Stored items:
-=-=-
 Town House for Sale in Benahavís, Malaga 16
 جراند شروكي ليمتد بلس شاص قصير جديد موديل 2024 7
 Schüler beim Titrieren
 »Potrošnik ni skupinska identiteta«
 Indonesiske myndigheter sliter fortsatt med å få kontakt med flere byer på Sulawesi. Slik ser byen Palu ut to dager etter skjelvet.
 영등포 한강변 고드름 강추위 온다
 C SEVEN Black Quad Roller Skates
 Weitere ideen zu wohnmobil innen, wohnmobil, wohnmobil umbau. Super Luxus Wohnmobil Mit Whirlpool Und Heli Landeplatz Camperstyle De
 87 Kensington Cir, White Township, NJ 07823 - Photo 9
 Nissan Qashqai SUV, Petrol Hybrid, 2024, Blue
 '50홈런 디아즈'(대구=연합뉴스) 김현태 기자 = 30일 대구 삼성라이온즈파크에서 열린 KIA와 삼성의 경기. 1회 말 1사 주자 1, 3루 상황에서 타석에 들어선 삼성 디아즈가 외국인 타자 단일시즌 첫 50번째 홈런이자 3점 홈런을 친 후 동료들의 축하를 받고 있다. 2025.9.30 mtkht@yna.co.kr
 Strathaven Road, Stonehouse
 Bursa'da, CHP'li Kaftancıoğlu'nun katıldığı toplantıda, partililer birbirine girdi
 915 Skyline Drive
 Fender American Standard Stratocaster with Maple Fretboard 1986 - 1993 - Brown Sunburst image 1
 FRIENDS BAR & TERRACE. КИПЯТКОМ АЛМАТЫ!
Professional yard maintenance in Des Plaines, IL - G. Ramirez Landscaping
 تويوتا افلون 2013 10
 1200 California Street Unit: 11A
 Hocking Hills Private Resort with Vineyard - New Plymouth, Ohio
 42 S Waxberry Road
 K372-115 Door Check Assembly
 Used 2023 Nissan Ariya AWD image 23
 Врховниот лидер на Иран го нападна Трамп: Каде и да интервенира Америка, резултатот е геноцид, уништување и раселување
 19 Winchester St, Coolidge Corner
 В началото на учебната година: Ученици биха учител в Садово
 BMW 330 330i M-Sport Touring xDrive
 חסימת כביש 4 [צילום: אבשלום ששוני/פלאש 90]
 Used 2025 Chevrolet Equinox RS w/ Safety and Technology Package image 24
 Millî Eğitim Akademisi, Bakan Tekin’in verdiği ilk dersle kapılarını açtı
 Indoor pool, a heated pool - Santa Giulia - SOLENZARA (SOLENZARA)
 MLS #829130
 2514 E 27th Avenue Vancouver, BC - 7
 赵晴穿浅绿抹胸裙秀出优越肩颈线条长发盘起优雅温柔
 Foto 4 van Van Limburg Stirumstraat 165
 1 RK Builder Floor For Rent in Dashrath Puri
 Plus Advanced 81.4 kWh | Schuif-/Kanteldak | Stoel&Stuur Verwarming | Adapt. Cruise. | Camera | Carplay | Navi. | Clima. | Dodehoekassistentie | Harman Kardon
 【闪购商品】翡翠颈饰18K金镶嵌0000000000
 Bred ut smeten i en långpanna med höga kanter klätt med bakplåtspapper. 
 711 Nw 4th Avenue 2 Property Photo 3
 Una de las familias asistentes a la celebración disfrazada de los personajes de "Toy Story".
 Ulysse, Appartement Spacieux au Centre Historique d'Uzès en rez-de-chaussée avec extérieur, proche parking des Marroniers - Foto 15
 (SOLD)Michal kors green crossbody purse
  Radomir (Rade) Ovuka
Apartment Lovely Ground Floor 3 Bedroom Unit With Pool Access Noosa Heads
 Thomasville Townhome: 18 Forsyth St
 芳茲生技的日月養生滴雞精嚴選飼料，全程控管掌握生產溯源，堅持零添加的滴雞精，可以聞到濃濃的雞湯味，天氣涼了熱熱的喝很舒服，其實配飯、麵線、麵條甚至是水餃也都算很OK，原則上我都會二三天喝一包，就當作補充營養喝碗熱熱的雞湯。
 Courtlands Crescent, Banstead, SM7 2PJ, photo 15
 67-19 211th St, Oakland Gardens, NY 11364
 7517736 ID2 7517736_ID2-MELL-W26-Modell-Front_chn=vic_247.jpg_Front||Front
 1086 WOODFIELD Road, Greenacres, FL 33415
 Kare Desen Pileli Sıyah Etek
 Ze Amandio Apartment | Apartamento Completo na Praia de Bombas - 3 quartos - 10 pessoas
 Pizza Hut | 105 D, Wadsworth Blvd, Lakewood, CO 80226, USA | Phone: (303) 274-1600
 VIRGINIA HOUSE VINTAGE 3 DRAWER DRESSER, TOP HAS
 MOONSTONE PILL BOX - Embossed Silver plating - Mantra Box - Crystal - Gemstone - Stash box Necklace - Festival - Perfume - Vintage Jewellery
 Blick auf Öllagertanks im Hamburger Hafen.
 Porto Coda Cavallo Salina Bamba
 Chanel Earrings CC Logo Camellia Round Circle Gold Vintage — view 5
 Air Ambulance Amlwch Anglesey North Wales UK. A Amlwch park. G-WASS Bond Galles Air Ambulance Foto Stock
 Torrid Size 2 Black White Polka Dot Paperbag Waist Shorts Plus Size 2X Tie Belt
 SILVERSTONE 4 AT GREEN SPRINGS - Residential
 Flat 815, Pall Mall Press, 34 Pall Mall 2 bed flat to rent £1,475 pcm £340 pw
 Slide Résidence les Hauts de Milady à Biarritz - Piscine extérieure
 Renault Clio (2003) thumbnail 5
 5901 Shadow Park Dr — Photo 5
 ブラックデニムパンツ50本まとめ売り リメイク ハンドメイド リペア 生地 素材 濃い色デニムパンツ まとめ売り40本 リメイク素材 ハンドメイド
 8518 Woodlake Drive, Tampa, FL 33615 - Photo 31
-=-=-
Copy each line above that contains the string "Avenue".

OUTPUT FOR THIS EXERCISE>
 2514 E 27th Avenue Vancouver, BC - 7
 711 Nw 4th Avenue 2 Property Photo 3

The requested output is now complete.